Remember that the "exact" solution is $\color{blue}{-1.19896}$
The values $x+2=1$ and $x+3=2$ are compatible giving the apparent equality $2^2=4$ hence $x=-1$ is a solution.
Taking into account the convexity of the exponential function ($(x+3)^{x+2}=e^{(x+2)(\ln(x+3)}$), if a line passing through a point on the curve is not tangent to the curve then this line cuts the curve in another point. We search for another point distinct of $(-1,2)$.

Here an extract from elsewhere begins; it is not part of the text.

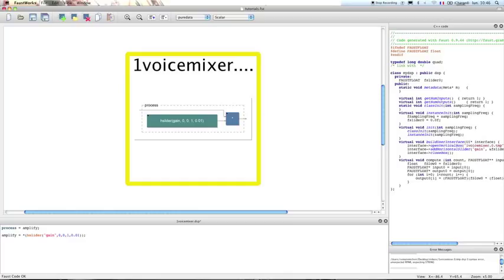So the next thing we're going to do now is to create a mute button. The mute button will be pretty much the same thing as the Amplify function. So we create a mute function, and this function will multiply an input signal by a value that will be either 0 or 1.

We have clearly the equivalent equation $$(x+3)^{x+2}=2(x+2)$$ Make $$\begin{cases}f(x)= (x+3)^{x+2}\\g(x)=2x+4\end{cases}$$ One has $$f\space’(x)= (x+3)^{x+1}(x+2+(x+3)\ln (x+3))$$ and it is apparent both that $ f\space’(-2)=0$ (which certainly corresponds to a minimum because of the convexity) and that $y=2x+4$ is not tangent to the curve. It follows there is a second solution so one has to solve a transcendental equation. We calculate approximations as usual. $$\begin{cases}f(-1)=g(-1)=2\\f(-1.1)=1.9^{0.9}\approx 1.78187\text{ and }g(-1.1)=1.8\\f(-1.2)=1.8^{0.8}\approx 1.60036\text{ and }g(-1.2)=1.6\end{cases}$$ since $$f(-1.1)\lt g(-1.1)\text { and }\space f(-1.2)\gt g(-1.2)$$ there is a point solution $x_0$ such that $$-1.2\lt x_0\lt-1.1$$ this is an small interval, of length $0.1$, that can be narrowed more and more by successive approximations. We stop here saying that the solution $x_0\approx -1.19896$ given by the O.P. can be approximated this way.